The house went on the market when Charles was 44. By now he was a successful author so could easily afford the asking price of £1790, and the entire family moved in the following summer. One of the first visitors was Hans Christian Andersen, who was supposed to come for two weeks but stayed for five (which didn't go down well). Charles opened up his gardens for village cricket, as you do when you're a gregarious communal fellow, and never regretted his switch to rural life.
Gads Hill Place is no longer in the Dickens family. Charles' eldest son suffered ill-health and had to sell up, and the mansion is now in the possession of a boarding school. It's "the top-performing public school in England", according to the sign outside facing the main road, and one wonders whether English Literature is their speciality. Peer through the hedge, preferably out of term time, and a fairly non-descript frontage appears. The front garden has a broad gravel drive, some semi-smart grass and a small sundial/birdtable near the front door. The ground floor windows hint at education beyond - that's either a store cupboard of equipment or a rather messy classroom. But the fact that this might once have been home to one of Britain's greatest novelists, that's a hidden secret, unless you can read the words on the small plaque on the front wall, which only pupils (and their parents, dropping off) ever pass. [photo]
They're building a new school now, with an incongruous crane looming over the surrounding fields and a metal skeleton appearing out the back. The plan is then to turn Gads Hill Place into a Dickens Visitor Centre, although they've already missed the bicentenary. The location's a bit out of the way to attract tourists, I'd have thought, which is probably one of the reasons Charles loved Gads Hill in the first place. Fields roll down from the back garden towards the North Downs and the Medway - all fine walking country through which Dickens loved to stride. The M2 wasn't there at the time however, scything through the ridge in the distance, so it's not quite such fine walking country any more.
At Christmas 1864, Charles received a most unusual gift - a full-size two-storey Swiss chalet. He had it assembled on the opposite side of the Rochester High Road, and then built a brick tunnel beneath the road to link his house to his new writing studio. A Tale of Two Cities and Great Expectations were both written in the chalet, as was most of The Mystery of Edwin Drood - the book that Dickens never completed. Alas his end came swiftly and unexpectedly, cut down by a stroke at the age of 58 and dying on the green couch in his Gads Hill study the following day. He was buried not in Higham churchyard, as he'd requested, but in Westminster Abbey because the nation thought it knew best.

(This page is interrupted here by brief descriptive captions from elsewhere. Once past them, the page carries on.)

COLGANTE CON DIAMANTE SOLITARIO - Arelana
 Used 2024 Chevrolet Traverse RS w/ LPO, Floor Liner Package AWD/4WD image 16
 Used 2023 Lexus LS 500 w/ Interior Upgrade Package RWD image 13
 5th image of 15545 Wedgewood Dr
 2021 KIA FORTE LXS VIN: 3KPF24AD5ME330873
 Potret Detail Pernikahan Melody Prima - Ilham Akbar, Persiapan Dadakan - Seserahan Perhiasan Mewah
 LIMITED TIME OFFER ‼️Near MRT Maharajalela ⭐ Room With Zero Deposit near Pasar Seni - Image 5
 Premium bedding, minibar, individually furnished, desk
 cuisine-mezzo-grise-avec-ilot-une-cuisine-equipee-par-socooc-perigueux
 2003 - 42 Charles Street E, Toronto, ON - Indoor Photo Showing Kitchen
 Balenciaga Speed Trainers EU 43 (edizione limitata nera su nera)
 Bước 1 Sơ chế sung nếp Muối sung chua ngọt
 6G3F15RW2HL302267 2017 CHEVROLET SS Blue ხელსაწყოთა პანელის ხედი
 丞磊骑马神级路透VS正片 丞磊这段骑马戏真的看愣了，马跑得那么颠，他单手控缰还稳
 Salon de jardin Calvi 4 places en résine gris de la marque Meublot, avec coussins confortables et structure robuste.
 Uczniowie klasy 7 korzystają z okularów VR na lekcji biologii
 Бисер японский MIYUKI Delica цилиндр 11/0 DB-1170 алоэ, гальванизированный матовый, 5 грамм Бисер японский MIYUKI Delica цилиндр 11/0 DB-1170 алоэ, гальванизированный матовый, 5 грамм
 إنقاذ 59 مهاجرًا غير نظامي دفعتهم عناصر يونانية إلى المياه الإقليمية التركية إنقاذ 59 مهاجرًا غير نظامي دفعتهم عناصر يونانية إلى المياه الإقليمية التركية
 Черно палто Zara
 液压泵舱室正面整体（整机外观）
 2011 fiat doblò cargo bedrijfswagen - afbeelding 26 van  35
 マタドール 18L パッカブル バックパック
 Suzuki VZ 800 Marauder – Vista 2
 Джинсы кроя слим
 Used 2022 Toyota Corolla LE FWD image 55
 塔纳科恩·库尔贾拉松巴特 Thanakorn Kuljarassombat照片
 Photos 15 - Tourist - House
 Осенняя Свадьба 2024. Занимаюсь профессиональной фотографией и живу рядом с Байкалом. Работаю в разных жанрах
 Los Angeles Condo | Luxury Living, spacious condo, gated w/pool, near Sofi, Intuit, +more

His home village of Higham is a bit non-nondescript today - more a commuter outpost, infilled late-20C-style. Some residents have a view of the Thames estuary, some of the church on the hill, but most stare at the bungalow opposite, or a neighbour's leylandii. The station's still there, from which Charles's coffin departed on that summer's day in 1870, but these days most people leave by car. A pub on the old coaching road remembers Sir John Falstaff (see Henry IV. Part I. Act ii. Sc ii), while further down the hill are a couple of Dickensian-named cul-de-sacs. And the dualled foot-tunnel opposite Gads Hill Place is still there, dipping deeply and darkly beneath the road - a most unusual domestic feature unless you know the reason why it's there.
And Dickens' chalet has been relocated to the centre of Rochester, a few miles across the valley. It hides just off the main street, round the back of Eastgate House, where it'll stand either until it crumbles or until someone raises enough cash to restore it [photo]. Meantime the High Street relishes its Dickensian connections, with such retail delights as "Sweet Expectations", the candy shop, and the "A Taste of Two Cities" Indian/Bangladeshi restaurant. Rochester's a lovely town to visit, as the small boy and elder gent who once walked its streets would concur.